A total of 111 patients with axial spondyloarthritis (n = 68), rheumatoid arthritis (n = 23) and psoriatic arthritis (n = 15), were identified, 74.8% of whom had continued treatment with ABP after 6 months, while a smaller proportion had either switched to another ADA biosimilar (10.8%), switched back to originator ADA (7.2%), switched to a different biologic (3.6%), or dropped out (3.6%). At baseline, a CCI > 0 was found in 38% of patients. Cardiovascular comorbidities (40%) were most prevalent followed by diseases of the skin (33%), the gastrointestinal tract (20%) and the eye (20%). ABP treatment was continued after 6 months in 74% of patients with CCI = 0 and in 76% with CCI > 0. Bayesian analysis showed only a small difference (months) in the APB continuation rate between groups (estimate 0.0012, 95% credible interval (CrI) -0.0337 to 0.0361). Adjusting for age, sex, and disease subtype revealed somewhat shorter retention rates for patients with CCI > 0, but the distribution of the difference included 0 (estimate -0.0689, 95% CrI -0.2246 to 0.0234).

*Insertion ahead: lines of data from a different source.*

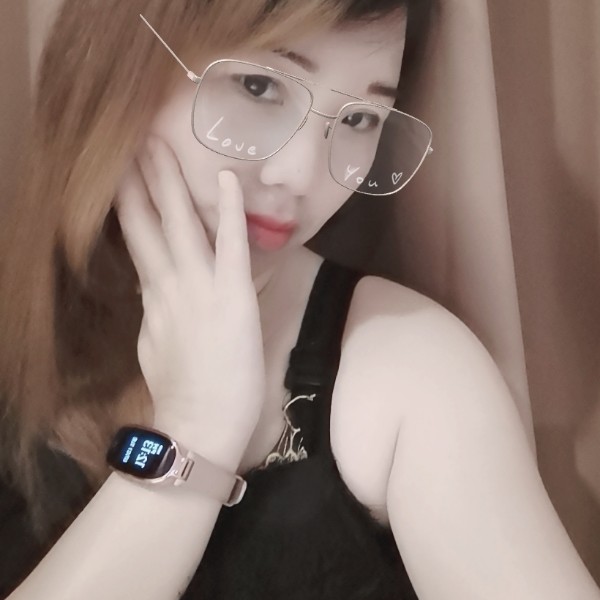 鞋子回首爱撒娇的照片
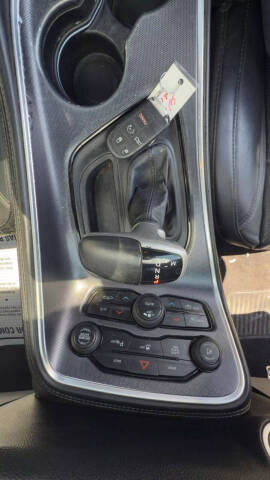 2015 Dodge Challenger SXT Plus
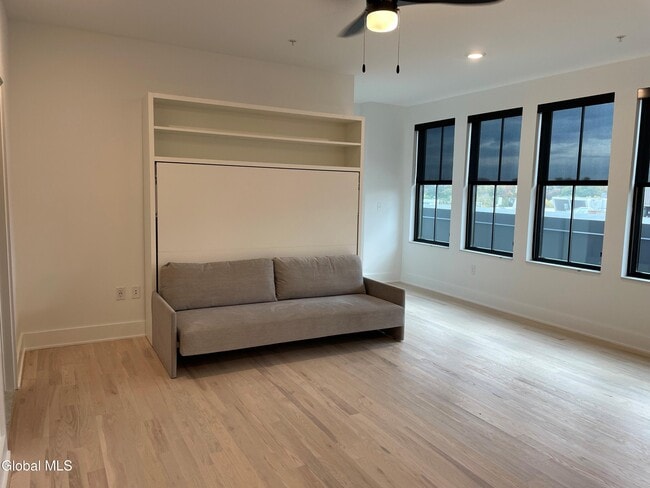 Foto del edificio - 385 Broadway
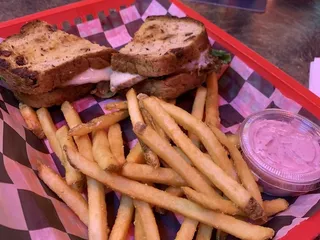 Cambridge Bar and Grill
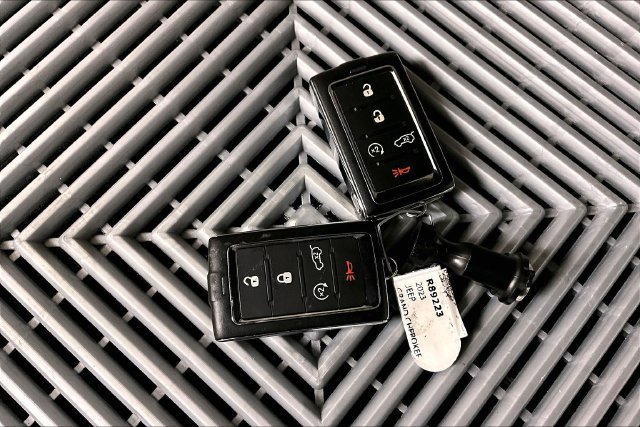 Used 2023 Jeep Grand Cherokee Altitude AWD/4WD image 11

In a non-medical switch scenario of RMD patients, there was no evidence for a considerable difference in ABP retention rates over 6 months between comorbidity groups.

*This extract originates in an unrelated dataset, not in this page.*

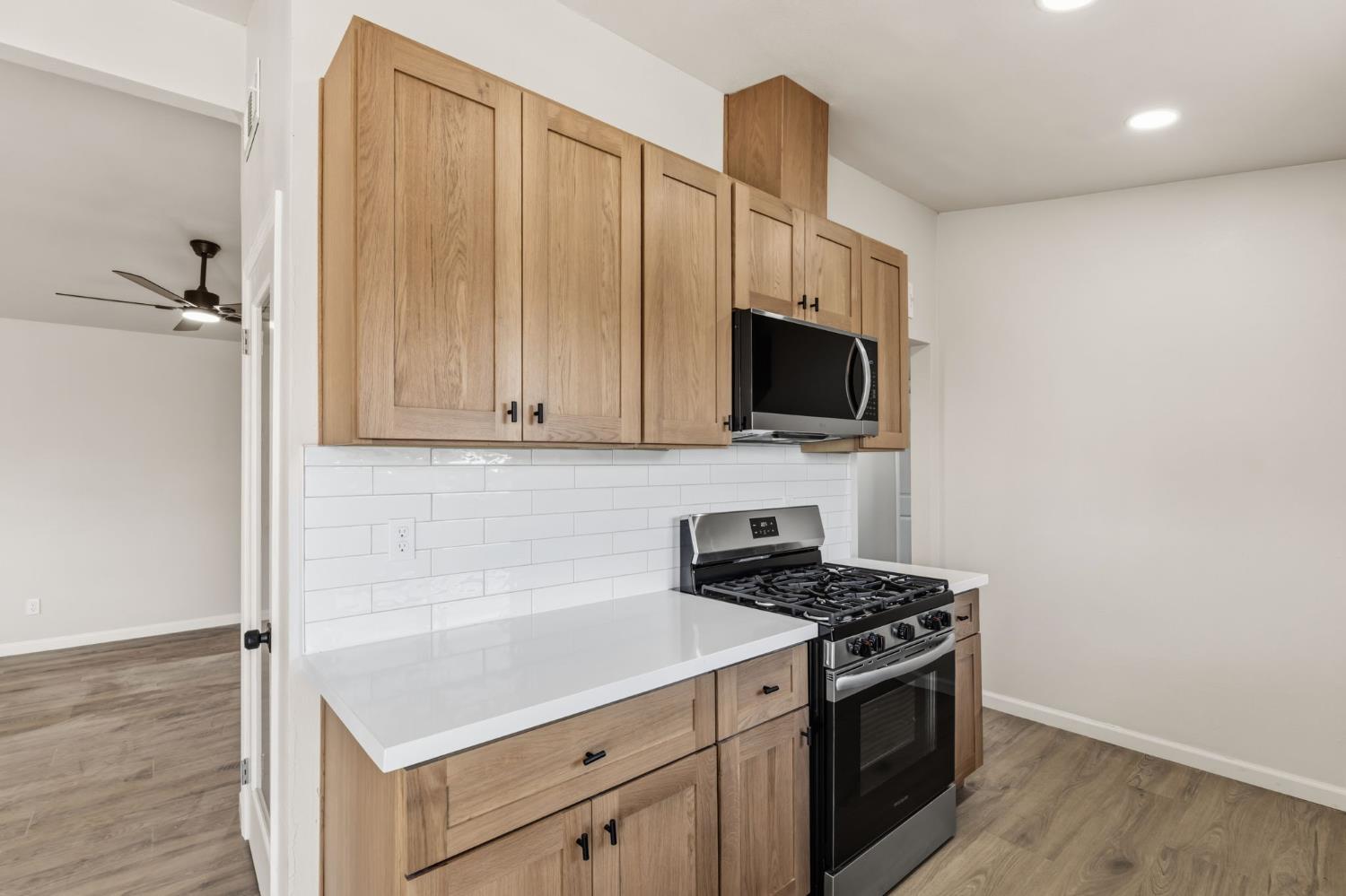 1406 Bengston Ave, Hanford, CA 93230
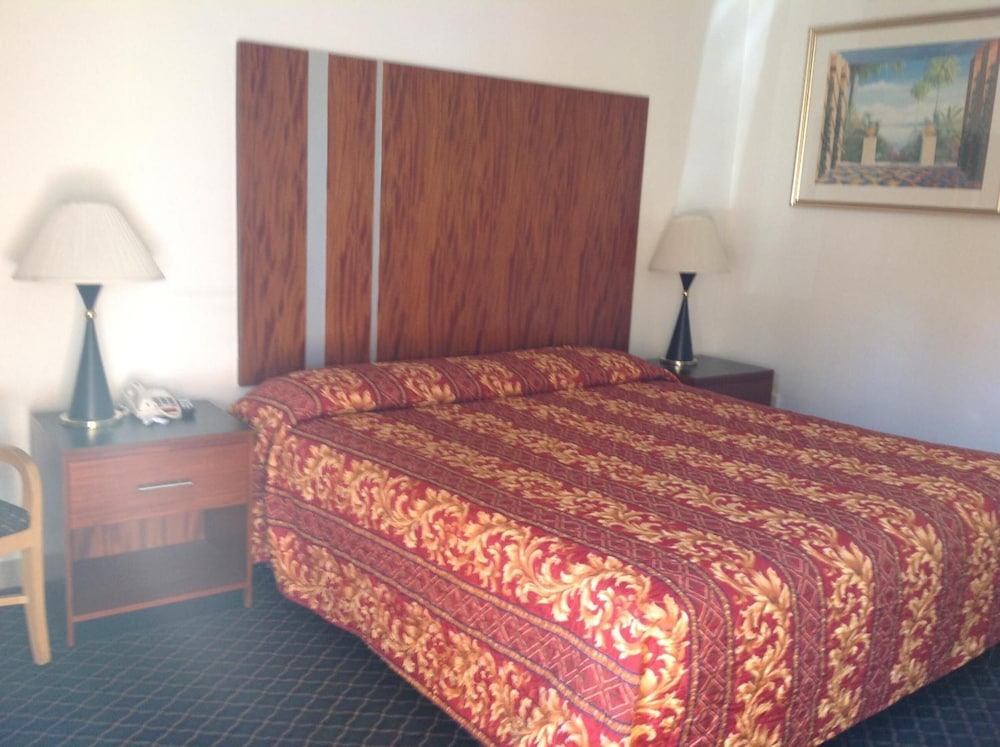 Riverside Inn & Suites 28/56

分析在炎症性风湿性肌肉骨骼疾病(RMD)患者中,6 个月内非医疗转换从原研阿达木单抗(ADA)到其 ABP501 生物类似药(ABP)的临床结果,以共病作为治疗中断的风险因素。
从 2018 年 10 月起,从一个大型常规数据库中确定了从原研 ADA 转换为 ABP 的 RMD 患者。收集了非医疗转换时(基线)以及 3 个月和 6 个月的记录临床数据。共病采用 Charlson 合并症指数(CCI)表示,根据 CCI>0 对患者进行分类。使用贝叶斯指数回归分析了 6 个月内 CCI=0 和 CCI>0 的患者之间 ABP 保留率的差异。
共确定了 111 名患有中轴型脊柱关节炎(n=68)、类风湿关节炎(n=23)和银屑病关节炎(n=15)的患者,其中 74.8%的患者在 6 个月后继续接受 ABP 治疗,而较小比例的患者要么转换为另一种 ADA 生物类似药(10.8%),要么转换回原研 ADA(7.2%),要么转换为另一种生物制剂(3.6%),或退出治疗(3.6%)。基线时,38%的患者 CCI>0。最常见的合并症是心血管疾病(40%),其次是皮肤疾病(33%)、胃肠道疾病(20%)和眼部疾病(20%)。CCI=0 的患者中有 74%在 6 个月后继续接受 ABP 治疗,CCI>0 的患者中有 76%继续接受 ABP 治疗。贝叶斯分析显示,两组之间 ABP 续用率的差异很小(估计值 0.0012,95%可信区间(CrI)为-0.0337 至 0.0361)。调整年龄、性别和疾病亚型后,CCI>0 的患者的保留率略短,但差异分布包括 0(估计值-0.0689,95%CrI-0.2246 至 0.0234)。
在 RMD 患者的非医疗转换情况下,6 个月内 ABP 保留率在合并症组之间没有证据表明存在显著差异。